In 1976, Daniel Bell argued that the "focal point of opportunity ... is being defined, increasingly, by education". In an era of 'post-industrial societies', education and knowledge become more important than ever before in the context of (in-)equality as a societal force.
Education, particularly, higher education is frequently described as an institution with the capacity to serve as a 'great equalizer', equipped with the ability to disrupt a hereditary plutocratic reproduction of advantages and privileges, and to, instead, allow for social mobility. Correspondingly, colleges and universities are crucial tools for the provision of opportunities and rank among the most important pillars of the 'meritocratic promise' so deeply intrenched in American and European liberal democracies and beyond. 'Meritocracy' is a neologism introduced by the British sociologist Michael Young in 1958 in his 'The Rise of Meritocracy' - a fictional tale about a near-future dystopia.
Ironically, the term has ever since been adopted by a variety of politicians ranging from the political left to the political right, both in Europe and in the U.S., as a positive ideology and fairness principle. It dictates that merit as a product of intelligence combined with effort ought to define societal occupation and rewards.
In many countries, however, higher education has substantially been affected by the neoliberal marketization trend that has gained traction since the late 1970s, calling into question both the survival of universities' traditional purposes, and their ability to enable continuous social mobility.

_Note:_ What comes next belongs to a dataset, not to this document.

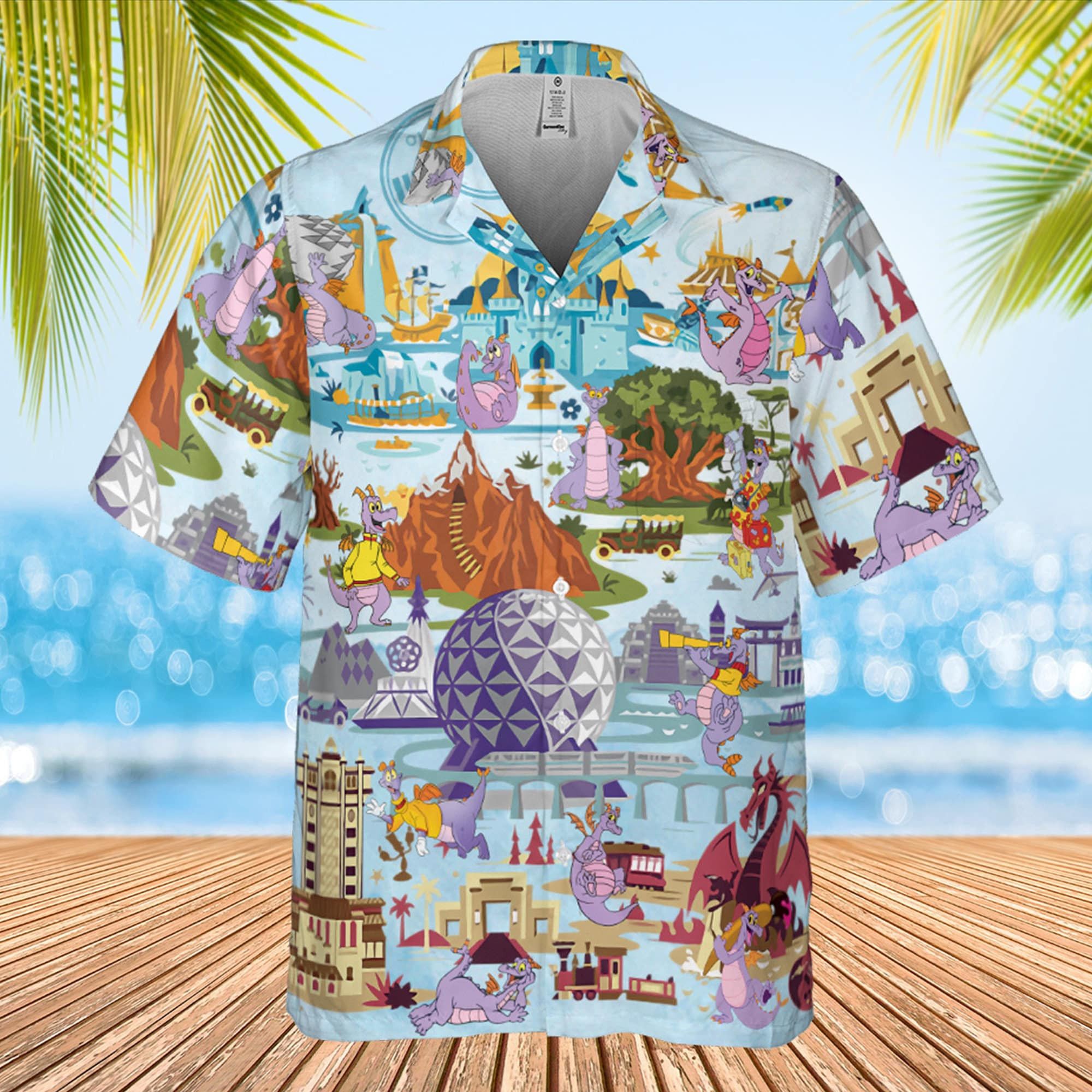 Est 1983 Epcot Disney Figment Funny Purple Dragon Trendy Hawaiian Shirt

They find themselves in a challenging situation of declining federal funding and a shift in 'consumer culture' which, in turn, changes society's expectations of a proper curriculum.
As a result of neoliberal market-logic becoming the guiding principle, the marketization process entails the social rationalization of university aims and missions, new approaches in terms of regulations and assessments of higher educations and research, and a growing commercialization of science and educational institutions. One of the core problems of this trend is the shifting relationship between society and knowledge.
Put differently: Whereas universities were previously regarded as institutions providing opportunities and pursuing what is 'true', 'good', or 'right' for such knowledge's inherent value, the new model of higher education has far greater concern for the production of 'useful' or 'marketable' knowledge. Universities following the marketization trend increasingly stray away from their traditional ambition to provoke reflection and critical thinking and, instead, offer a coursework shaped by the demand for workplace preparation and the production of 'practical' knowledge to be subsequently applied in the labor market.
The proposed article (presentation) scrutinizes the changes in educational culture in universities and colleges on a meta level. And yet, the debate directly affects concrete developments and policies at the heart of the educational sector, inviting the audience to a discussion of affirmative action as a fairness policy, the nature of adequate research funding, the purpose of higher education, and the design of tuition schemes that respect the imperatives of equality of opportunity and the aspiration for social mobility.